When I was teaching a session on AI at an MBA program at the London School of Economics, I thought of explaining AI from the perspective of the life-cycle of Data. This explanation is useful because more people are used to data (than to code). I welcome comments on this approach. Essentially, we consider how data is used and transformed for AI and what are its implications.
This could be an extensive discussion – hence the blog below presents a starting point
The lifecycle of Data for AI
The basic stages in the Data Science lifecycle are as below
The CRISP-DM methodology is most commonly used in Data Science
CRISP-DM in turn is based on the wider idea of Mathematical / Statistical modelling
Today, we see other evolution of the Data cycle life-cycle – for example The Team Data Science Process lifecycle which can be seen to have evolved from CRISP-DM
How is Data used in Machine Learning and Deep Learning
A machine learning algorithm is an algorithm that is able to learn from data. In this context, the definition of learning is provided by Mitchell (1997) which says that “A computer program is said to learn from experience E with respect to some class of tasks T and performance measure P , if its performance at tasks in T , as measured by P , improves with experience E.”
Machine learning can be seen as a form of applied statistics with increased use of computing and data to statistically estimate complicated functions. Machine learning allows us to tackle tasks that are too diﬃcult to solve with ﬁxed programs which are written manually. Instead, machine learning programs depend on learning from patterns of data to make new predictions. Deep learning is a speciﬁc kind of machine learning – which is characterised by automatic feature detection. Deep learning can be seen as a way to overcome the limitations of machine learning in their ability to generalise. These challenges include managing high dimensionality, Local Constancy and Manifold Learning. Refer Deep Learning Book – Goodfellow, Bengio et al
The Lifecycle of Data – How AI works with stored data
We can understand AI from the standpoint of how AI works with stored data.
Increasingly, with IoT a large amount of data will live and die at the edge i.e. .it will not make it to the cloud except in an aggregated form. This implies a more complex mode of deployment where the model will be trained in the cloud and deployed to the edge using a container strategy like Docker
Data could also be consumed and processed in a stream mode – for example with kafka as below.

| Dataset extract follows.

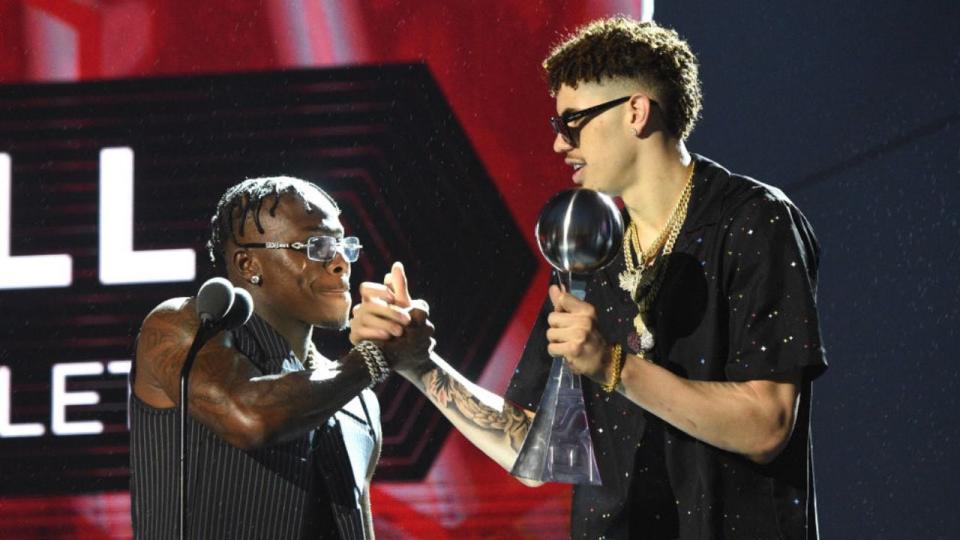 DaBaby presents the Best Breakthrough Athlete Award to Charlotte Hornets star LaMelo Ball onstage during the 2021 ESPY Awards.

Data can be stored in NoSQL databases like MongoDB or it can be stored in SQL format even when it is Time series
Image source: https://www.mongodb.com/blog/post/time-series-data-and-mongodb-part…
Ultimately, for an Enterprise, the Data will reside in a Data lake. A data lake is a centralised repository that allows storage of all structured and unstructured data at any scale. Unlike a Data Warehouse, Data Lakes store data in a raw format. For this reason, it is potentially easier to run analytics on the Data lake
Image source: https://aws.amazon.com/big-data/datalakes-and-analytics/what-is-a-d…

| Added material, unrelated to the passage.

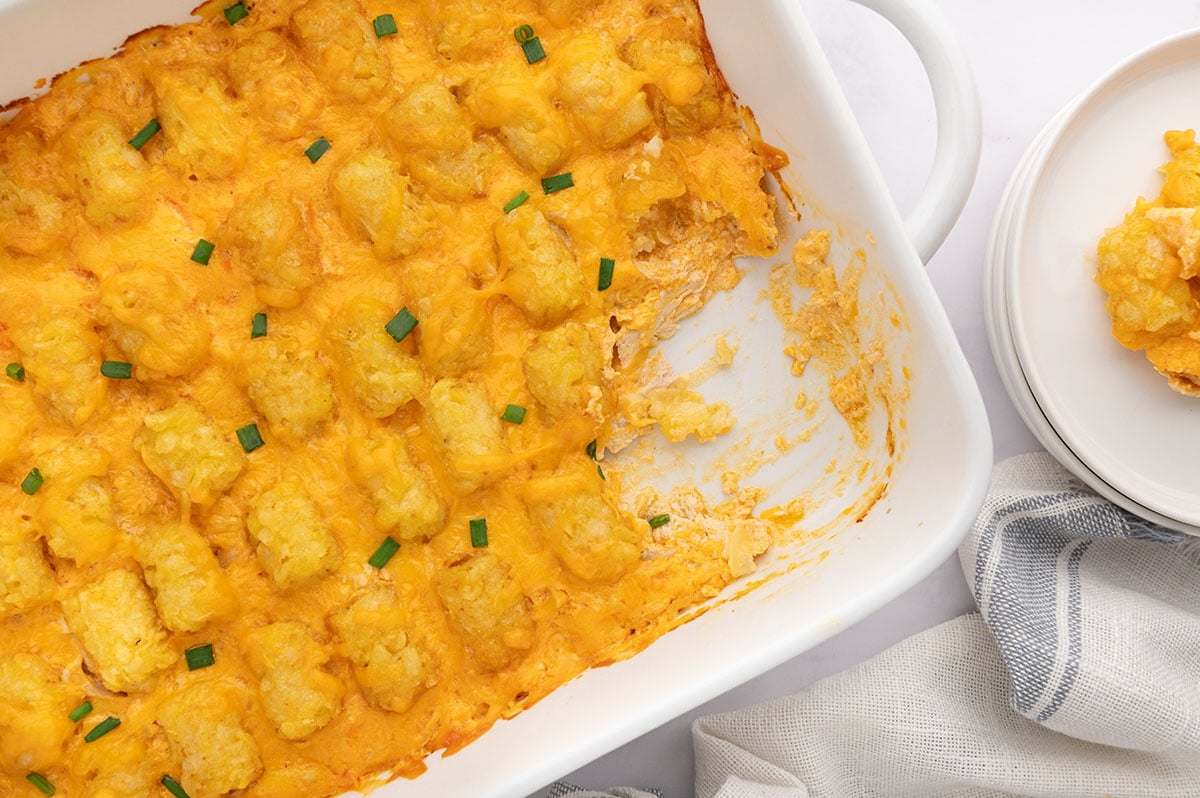 Baked Buffalo Chicken Tater Tot Casserole in a baking dish with a serving scooped out.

we are seeing newer forms of storage such as Storage Class memory
Devops: The idea of Devops is tied in increasingly with AI models blurring the boundaries between data and function
Automl – Automated machine learning is also increasingly common with the idea of rapidly building and prototyping AI models
What analogies can we think of?
The above discussion shows the complexity of how AI engages with data.
I was trying to simplify this model by suggesting non-technical analogies.
- Data nurseries — where new data is created in big amounts – think about the analogy with star nurseries in space. This idea could apply to IoT, Video cameras etc.
- Data graveyard – Similar to much of Big Data, the data lake idea has face criticism. The data lake reminds me of the mythical Elephant graveyard (best depicted in the movie lion king)
What other non-technical analogies can you think of? I will try to expand on this idea of explaining AI from a life-cycle of data more in future posts.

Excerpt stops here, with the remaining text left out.